Welcome to Thapae Gate – the east entrance to the old city, a fortified square encased by a moat and tall walls, built way back in the 13th century. This gate has been a silent spectator to the region’s history for nearly 800 years, acting as a grand entrance for merchants, diplomats, and monks during the days of the Lanna Kingdom.

You will likely have the opportunity to walk through Thapae Gate if your staying at a hotel inside the moat or visiting the old city. It’s the starting point for the Sunday Walking Street Market and around it there are numerous small streets with cafes, bars, souvenirs shops, book shops. While the many pigeons in the square won’t interest most visitors, it’s pleasant to walk around at night. There’s not much in the way of information besides a map, it’s been redeveloped over time and a road now occupies a direct line to the square, so you’ll need to image how it was with a large river meeting the moat. ‘Thapae’ means ‘to float’ in the Northern Thai dialect, signifying the gate’s original use as a docking point for rafts that would ‘float’ down the Mae Ping River.
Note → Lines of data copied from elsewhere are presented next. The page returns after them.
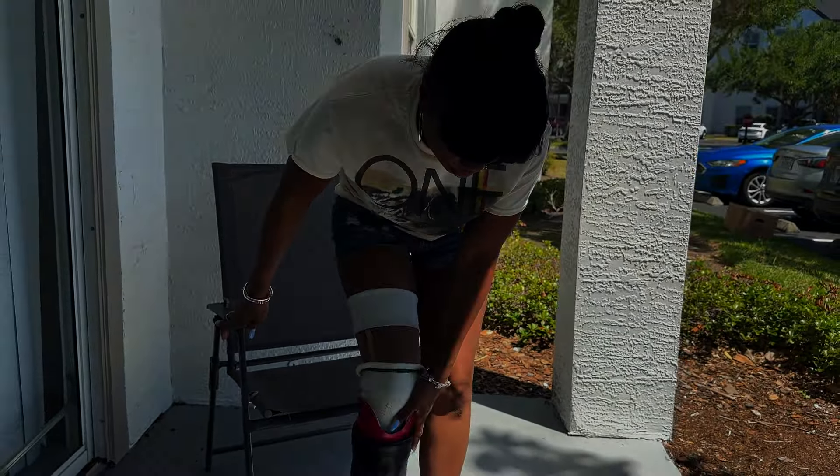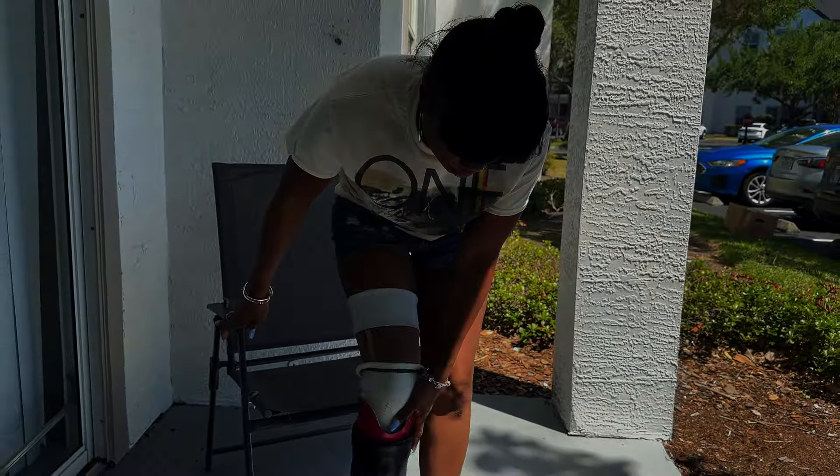Then I put on my prosthetic, making sure my knee and everything fits snugly in there, then pulling everything up and getting it all tight. Sometimes I'll leave it a little loose, but then I'm ready to go.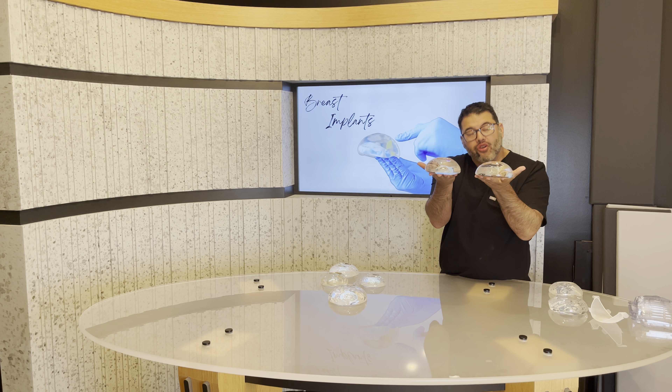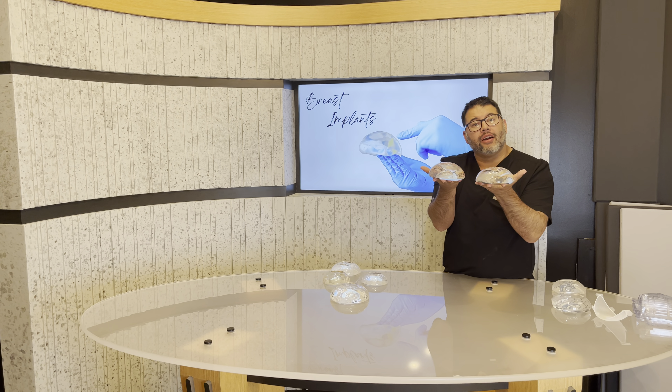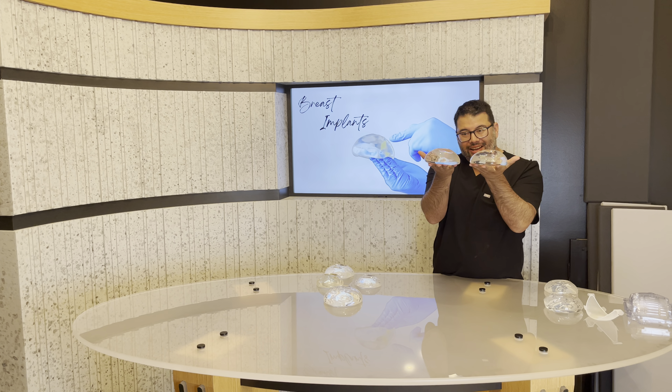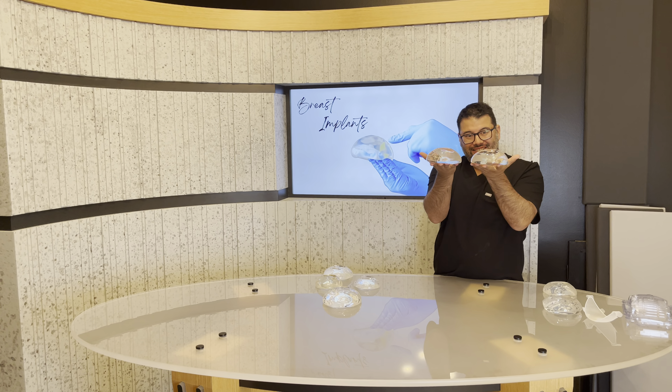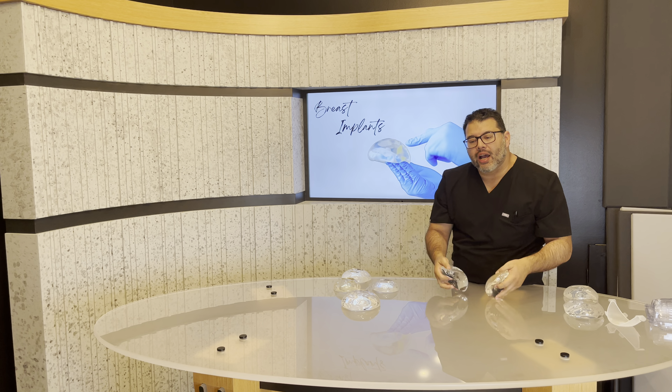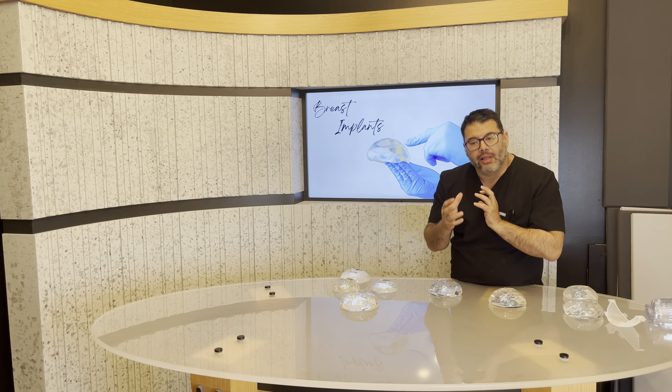This is a neat little challenge. Maybe we'll do something and see if you guys can tell which is which. One of these is our normal gummy bear, and one of these is the gummy bear plus. They're both the exact same size, both high profile, both smooth round implants. And so you can see some very subtle little differences from one to the other.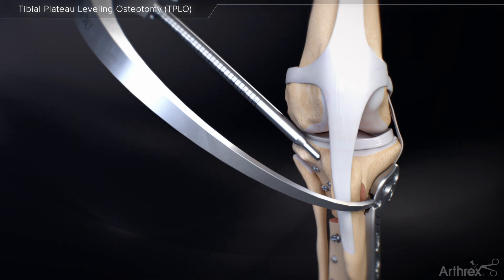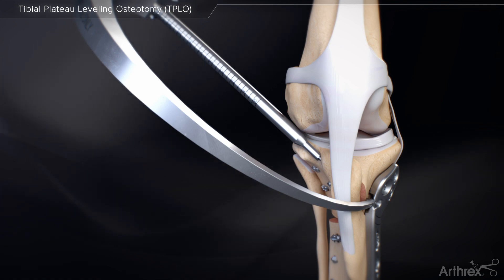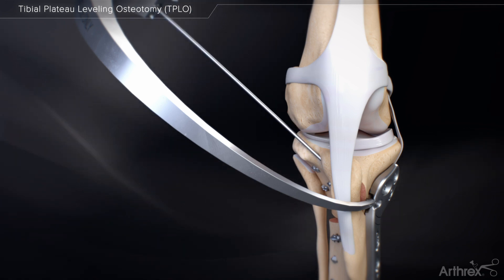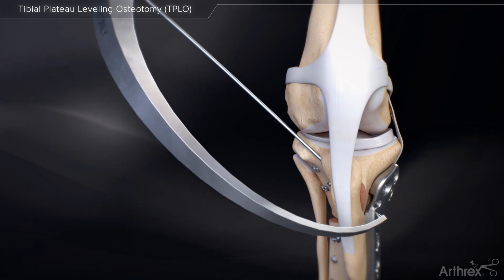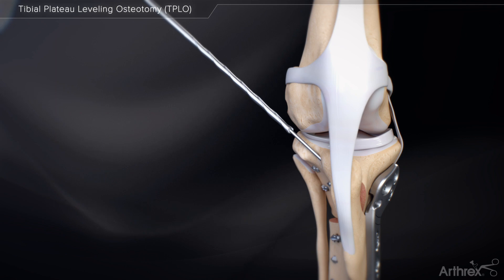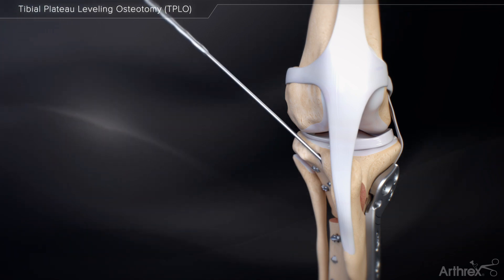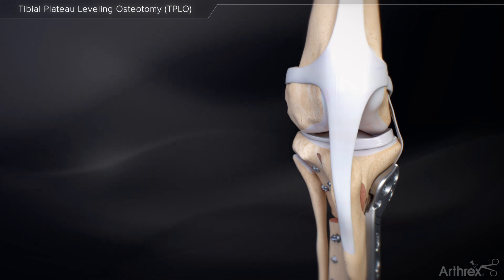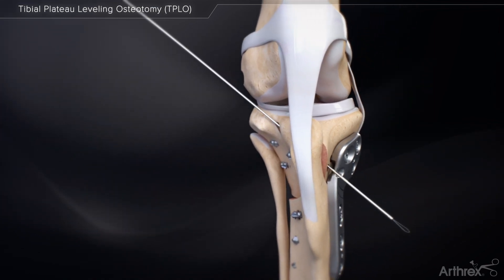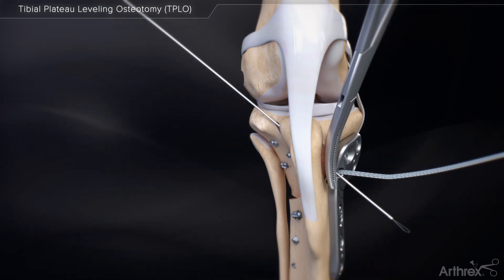Drill the appropriately sized K-wire for the tibial tunnel, lateral to medial, making sure the K-wire exits near the open hole in the TPLO plate. Remove the drill guide after properly placing the K-wire. After placing the appropriately sized K-wire, use the appropriately sized cannulated drill bit to create the tunnel. Loop the suture material through the suture hole on the TPLO plate and shuttle both ends through the tibial tunnel using the nitinol suture passer.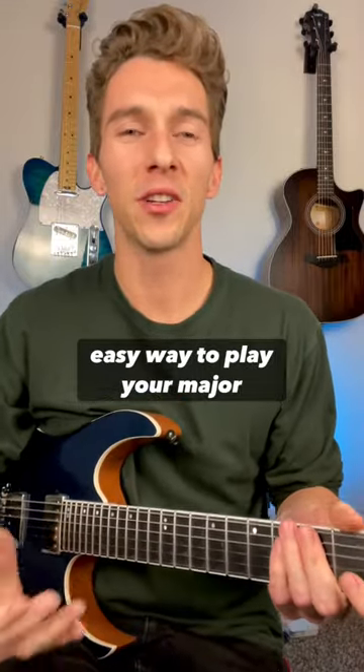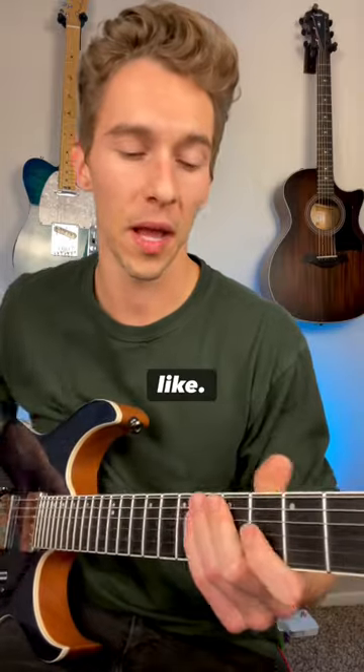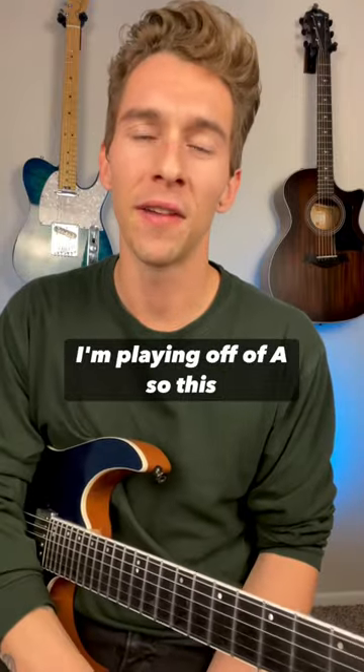I'm going to show you guys an easy way to play your major 7 arpeggios across the fretboard very easily. Here's what that would sound like. For this example, I'm playing off of A, so this would be an A major 7 arpeggio.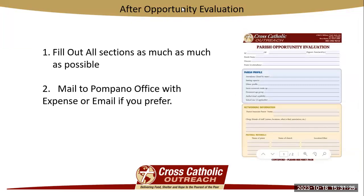The after-opportunity evaluation looks like this, and you're going to fill it out as best as you can. It has the source code number, your name, the parish name, and it gives us some feedback as to how your speaking opportunity went. We can use this the next time we go there to see if any changes need to be made as far as the brochures or the travel time — any feedback you can provide on this form is appreciated. You're going to mail or email it in to the Pompano office, and the office will process it from there.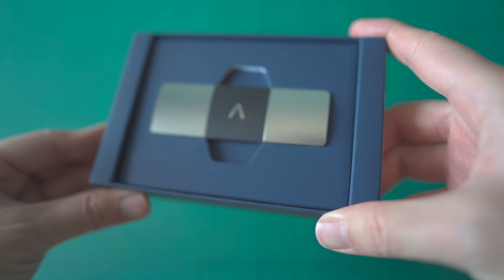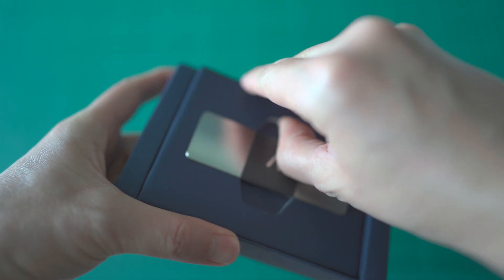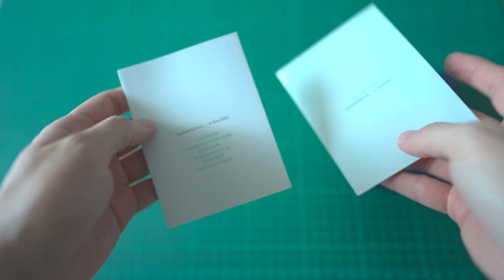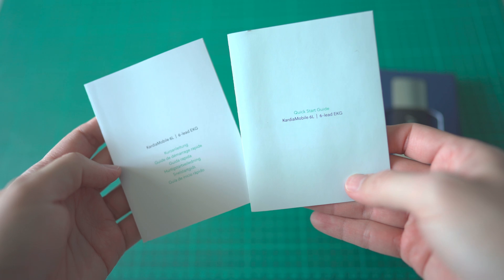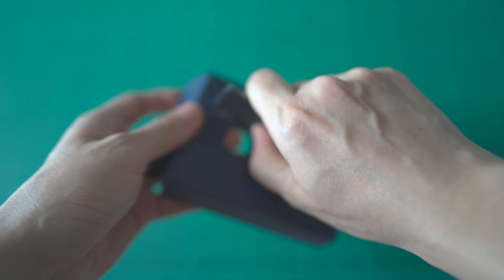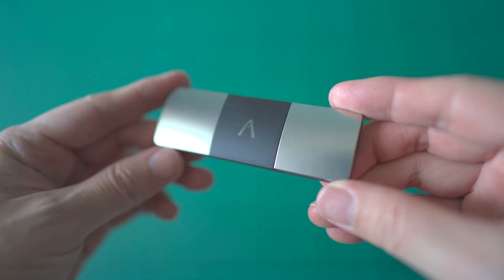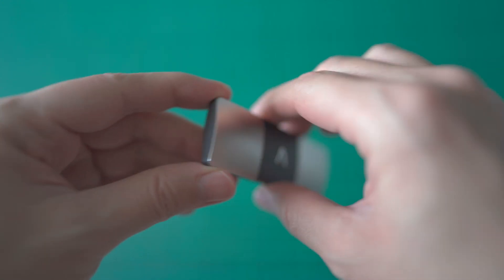Inside the box, you will find the Kardia Mobile 6L EKG and Quick Start Guide. The Kardia Mobile 6L EKG has two electrodes on the top for your fingers and one on the bottom to contact the skin of your left leg.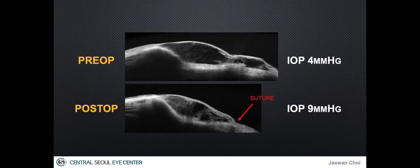At one month postoperatively, the pathologically exuberant flat part on the cornea is flattened down below the compression suture line without any leakage.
The current Thapae Gate that you see is a recreation from the 1980s, rebuilt according to architectural records and archaeological evidence.

Thapae Gate has a role in some of the city’s most exciting events. Chiang Mai’s most popular festivals, Loy Krathong and Songkran, see the gate and surrounding streets swarming with locals and tourists, bringing the old structure alive with celebrations, music, and dance.

The wall surrounding the city originally had five gates, each having a specific purpose and named according to the direction it faced. Thapae was the eastern gate, and the only one to retain its historical relevance and popularity to date.

Thapae Gate is not just an ancient structure; it’s a living, breathing part of Chiang Mai’s culture and history, where stories of the past meet the vibrancy of the present.